- Raw data:
════════

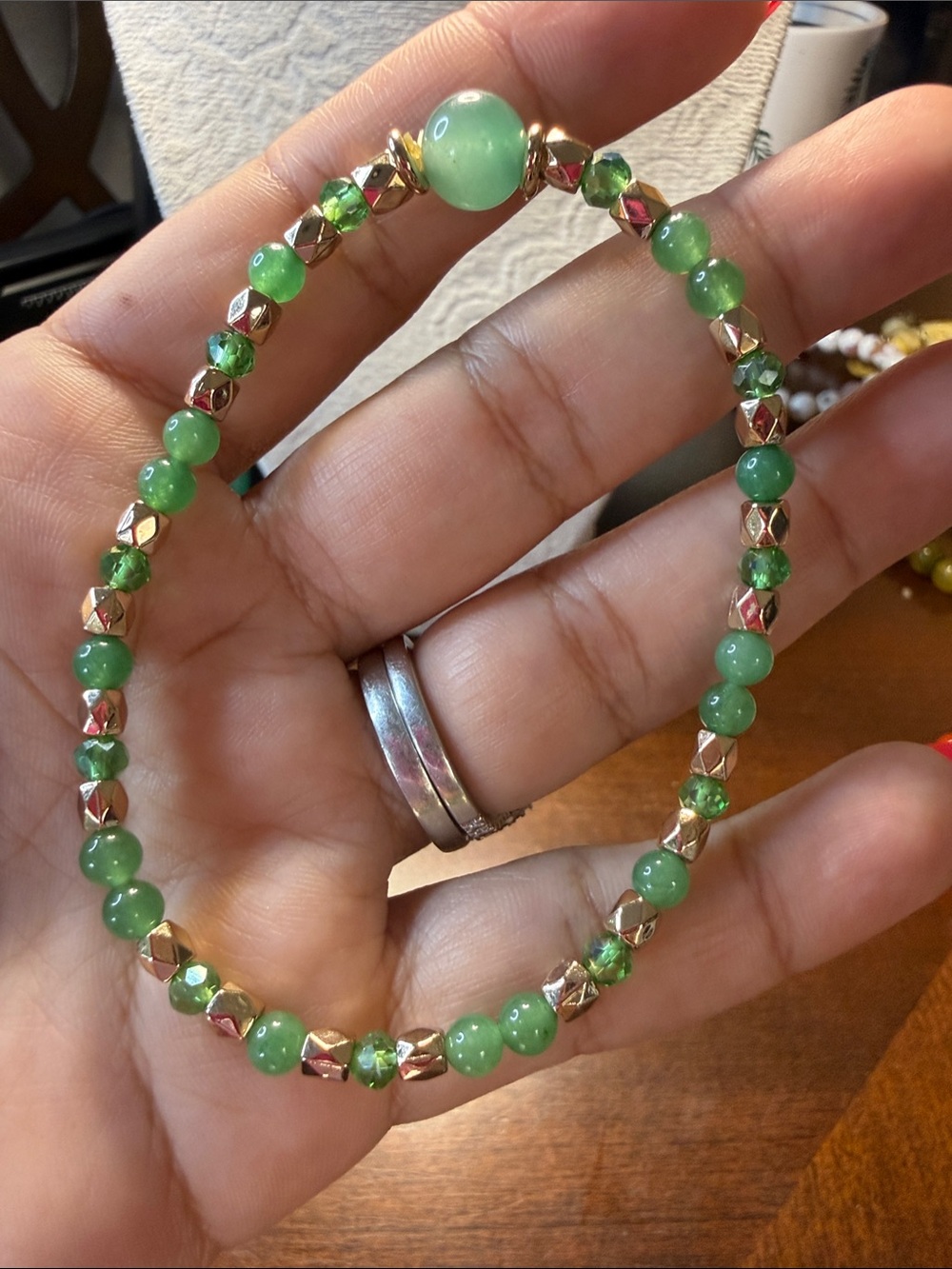 Green Bead JADE Stretch Bracelet - Unbranded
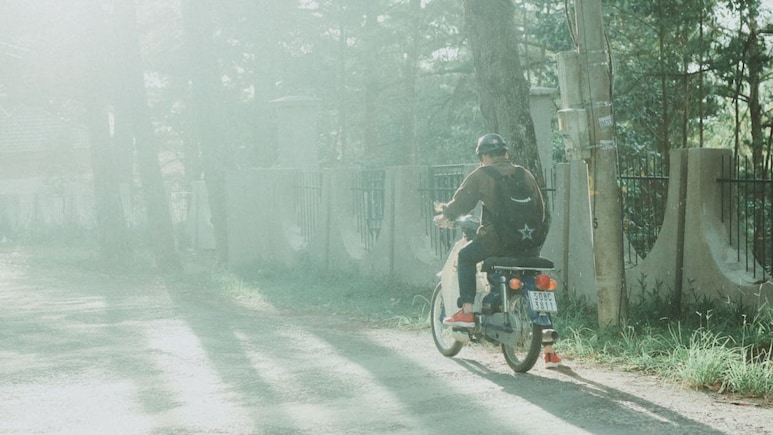 Dense Fog Creates Havoc In North India: Expert Riding Tips To Avoid Mishaps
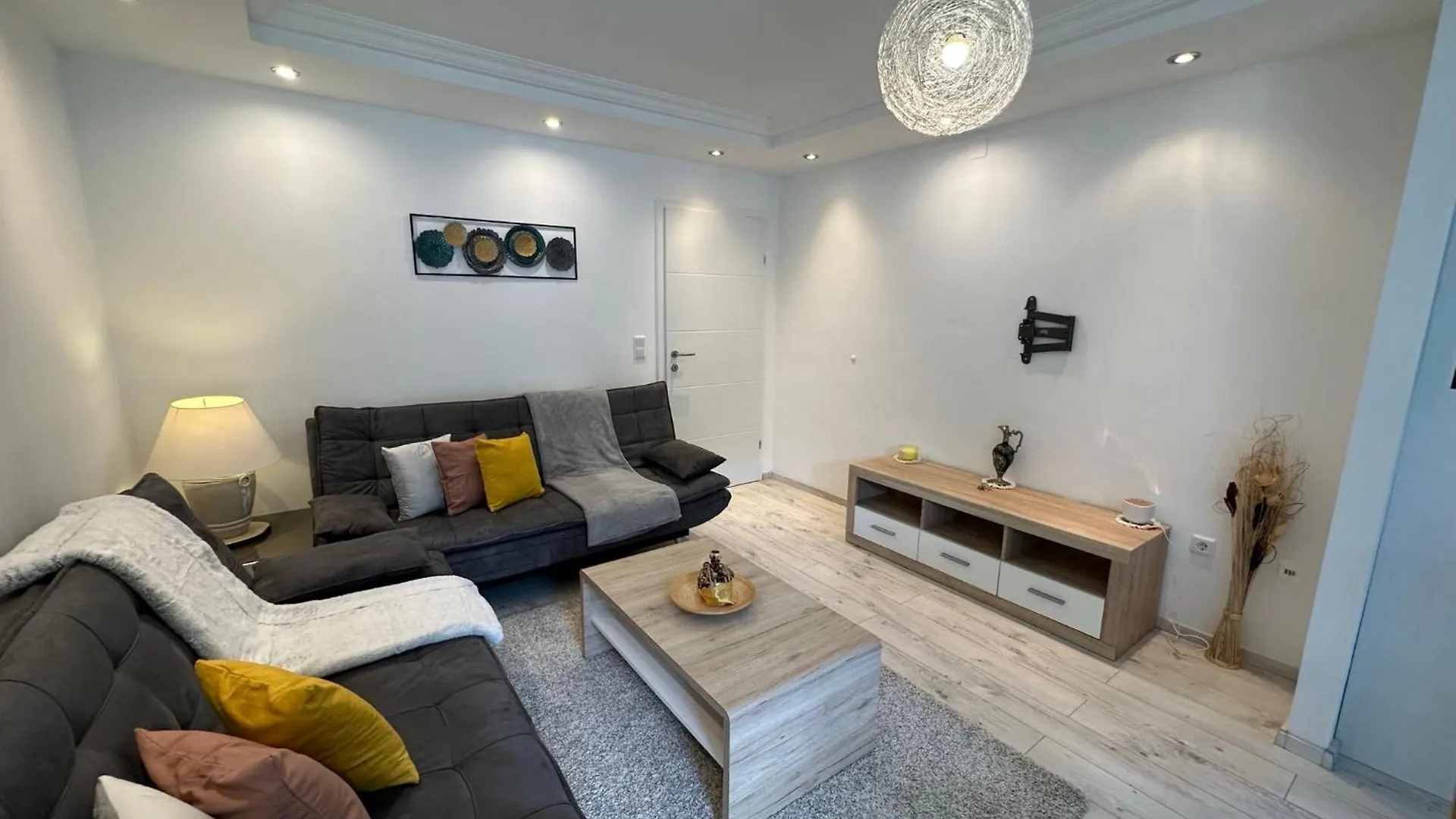 Stylish Home Near Train-Station Parking Extra Salzburgo Austria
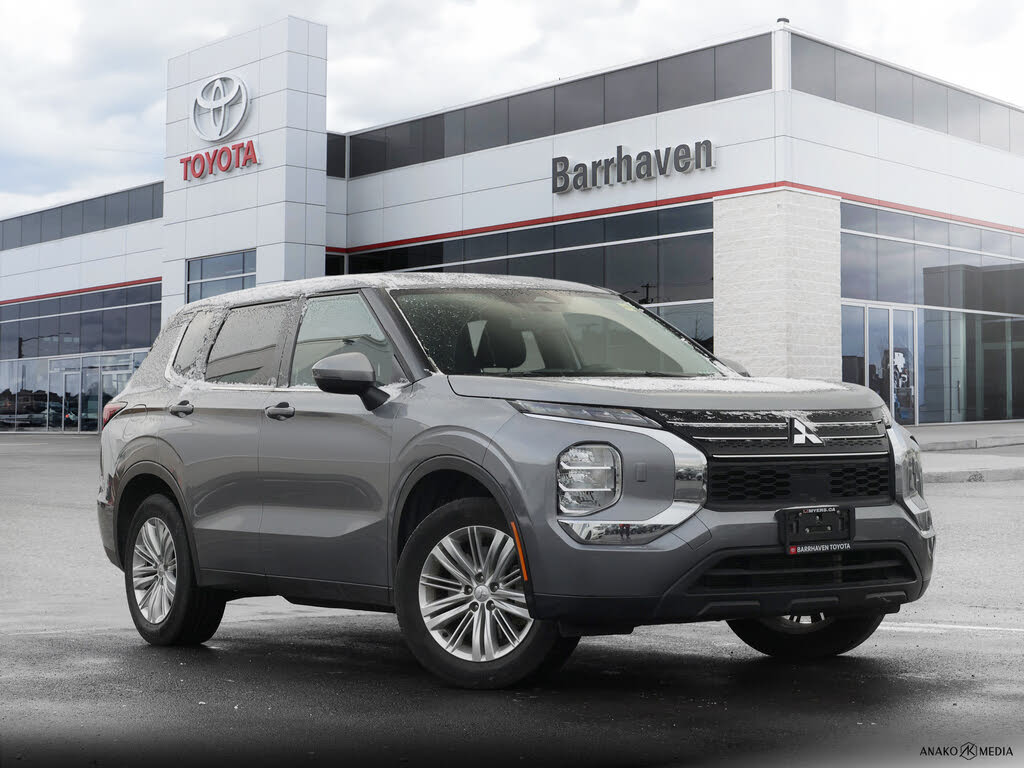 2024 Mitsubishi Outlander ES S-AWC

════════

- Your objective:
Output all the material above exactly once more, leaving every picture out.

- Completed exercise:
 Green Bead JADE Stretch Bracelet - Unbranded
 Dense Fog Creates Havoc In North India: Expert Riding Tips To Avoid Mishaps
 Stylish Home Near Train-Station Parking Extra Salzburgo Austria
 2024 Mitsubishi Outlander ES S-AWC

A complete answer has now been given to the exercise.